### TASK REQUIREMENTS:
The first line of the entries through the line bearing "간염 바이러스-종류별-특징": copy these lines exactly and return nothing else.

Stored data
■ ■ ■ ■

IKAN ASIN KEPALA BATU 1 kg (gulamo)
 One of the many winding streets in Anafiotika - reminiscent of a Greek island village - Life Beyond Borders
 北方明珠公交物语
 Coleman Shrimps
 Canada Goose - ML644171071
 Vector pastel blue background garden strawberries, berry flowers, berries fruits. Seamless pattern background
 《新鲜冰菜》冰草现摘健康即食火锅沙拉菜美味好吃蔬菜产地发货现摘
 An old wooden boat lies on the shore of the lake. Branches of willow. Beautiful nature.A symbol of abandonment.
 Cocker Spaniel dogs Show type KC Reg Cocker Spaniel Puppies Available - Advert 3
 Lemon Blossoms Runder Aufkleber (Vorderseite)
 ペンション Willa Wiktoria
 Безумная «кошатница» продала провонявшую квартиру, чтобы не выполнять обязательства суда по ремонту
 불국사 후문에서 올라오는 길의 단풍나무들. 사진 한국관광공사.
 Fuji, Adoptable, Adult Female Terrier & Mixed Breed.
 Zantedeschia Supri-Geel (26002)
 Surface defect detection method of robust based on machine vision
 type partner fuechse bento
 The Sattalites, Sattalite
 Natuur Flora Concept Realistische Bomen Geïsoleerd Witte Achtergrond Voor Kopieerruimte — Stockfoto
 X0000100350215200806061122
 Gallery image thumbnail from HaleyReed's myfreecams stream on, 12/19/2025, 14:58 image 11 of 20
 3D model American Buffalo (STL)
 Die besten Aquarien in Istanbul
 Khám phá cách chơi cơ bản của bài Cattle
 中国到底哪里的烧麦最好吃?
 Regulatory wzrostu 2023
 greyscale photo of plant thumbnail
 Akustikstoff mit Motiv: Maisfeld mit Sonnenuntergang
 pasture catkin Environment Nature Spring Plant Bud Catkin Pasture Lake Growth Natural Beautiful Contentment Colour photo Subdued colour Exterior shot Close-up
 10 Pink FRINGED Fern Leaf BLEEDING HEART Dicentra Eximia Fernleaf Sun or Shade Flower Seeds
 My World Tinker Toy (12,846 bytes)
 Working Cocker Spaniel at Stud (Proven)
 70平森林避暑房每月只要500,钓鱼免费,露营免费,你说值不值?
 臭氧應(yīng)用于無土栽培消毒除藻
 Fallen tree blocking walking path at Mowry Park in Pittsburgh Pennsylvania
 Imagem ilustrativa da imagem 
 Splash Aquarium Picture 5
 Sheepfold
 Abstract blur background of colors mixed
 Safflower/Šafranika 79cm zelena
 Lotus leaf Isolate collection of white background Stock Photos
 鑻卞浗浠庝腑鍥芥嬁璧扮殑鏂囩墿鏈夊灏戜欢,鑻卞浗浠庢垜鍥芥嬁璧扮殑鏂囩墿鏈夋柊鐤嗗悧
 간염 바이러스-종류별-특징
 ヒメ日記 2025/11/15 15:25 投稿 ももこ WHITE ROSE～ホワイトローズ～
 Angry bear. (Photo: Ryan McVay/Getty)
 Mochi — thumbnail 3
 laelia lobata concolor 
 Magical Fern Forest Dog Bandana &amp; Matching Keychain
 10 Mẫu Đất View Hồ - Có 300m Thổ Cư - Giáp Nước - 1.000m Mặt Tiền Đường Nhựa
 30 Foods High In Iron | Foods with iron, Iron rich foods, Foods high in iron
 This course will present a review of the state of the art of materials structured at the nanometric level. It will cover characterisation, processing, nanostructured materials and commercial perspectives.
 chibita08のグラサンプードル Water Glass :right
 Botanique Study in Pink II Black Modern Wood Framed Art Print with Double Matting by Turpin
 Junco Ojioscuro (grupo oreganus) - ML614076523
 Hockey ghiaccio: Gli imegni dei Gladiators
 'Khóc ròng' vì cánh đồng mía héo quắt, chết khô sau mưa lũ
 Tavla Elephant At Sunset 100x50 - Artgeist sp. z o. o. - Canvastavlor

■ ■ ■ ■

### FINISHED EXERCISE:
IKAN ASIN KEPALA BATU 1 kg (gulamo)
 One of the many winding streets in Anafiotika - reminiscent of a Greek island village - Life Beyond Borders
 北方明珠公交物语
 Coleman Shrimps
 Canada Goose - ML644171071
 Vector pastel blue background garden strawberries, berry flowers, berries fruits. Seamless pattern background
 《新鲜冰菜》冰草现摘健康即食火锅沙拉菜美味好吃蔬菜产地发货现摘
 An old wooden boat lies on the shore of the lake. Branches of willow. Beautiful nature.A symbol of abandonment.
 Cocker Spaniel dogs Show type KC Reg Cocker Spaniel Puppies Available - Advert 3
 Lemon Blossoms Runder Aufkleber (Vorderseite)
 ペンション Willa Wiktoria
 Безумная «кошатница» продала провонявшую квартиру, чтобы не выполнять обязательства суда по ремонту
 불국사 후문에서 올라오는 길의 단풍나무들. 사진 한국관광공사.
 Fuji, Adoptable, Adult Female Terrier & Mixed Breed.
 Zantedeschia Supri-Geel (26002)
 Surface defect detection method of robust based on machine vision
 type partner fuechse bento
 The Sattalites, Sattalite
 Natuur Flora Concept Realistische Bomen Geïsoleerd Witte Achtergrond Voor Kopieerruimte — Stockfoto
 X0000100350215200806061122
 Gallery image thumbnail from HaleyReed's myfreecams stream on, 12/19/2025, 14:58 image 11 of 20
 3D model American Buffalo (STL)
 Die besten Aquarien in Istanbul
 Khám phá cách chơi cơ bản của bài Cattle
 中国到底哪里的烧麦最好吃?
 Regulatory wzrostu 2023
 greyscale photo of plant thumbnail
 Akustikstoff mit Motiv: Maisfeld mit Sonnenuntergang
 pasture catkin Environment Nature Spring Plant Bud Catkin Pasture Lake Growth Natural Beautiful Contentment Colour photo Subdued colour Exterior shot Close-up
 10 Pink FRINGED Fern Leaf BLEEDING HEART Dicentra Eximia Fernleaf Sun or Shade Flower Seeds
 My World Tinker Toy (12,846 bytes)
 Working Cocker Spaniel at Stud (Proven)
 70平森林避暑房每月只要500,钓鱼免费,露营免费,你说值不值?
 臭氧應(yīng)用于無土栽培消毒除藻
 Fallen tree blocking walking path at Mowry Park in Pittsburgh Pennsylvania
 Imagem ilustrativa da imagem 
 Splash Aquarium Picture 5
 Sheepfold
 Abstract blur background of colors mixed
 Safflower/Šafranika 79cm zelena
 Lotus leaf Isolate collection of white background Stock Photos
 鑻卞浗浠庝腑鍥芥嬁璧扮殑鏂囩墿鏈夊灏戜欢,鑻卞浗浠庢垜鍥芥嬁璧扮殑鏂囩墿鏈夋柊鐤嗗悧
 간염 바이러스-종류별-특징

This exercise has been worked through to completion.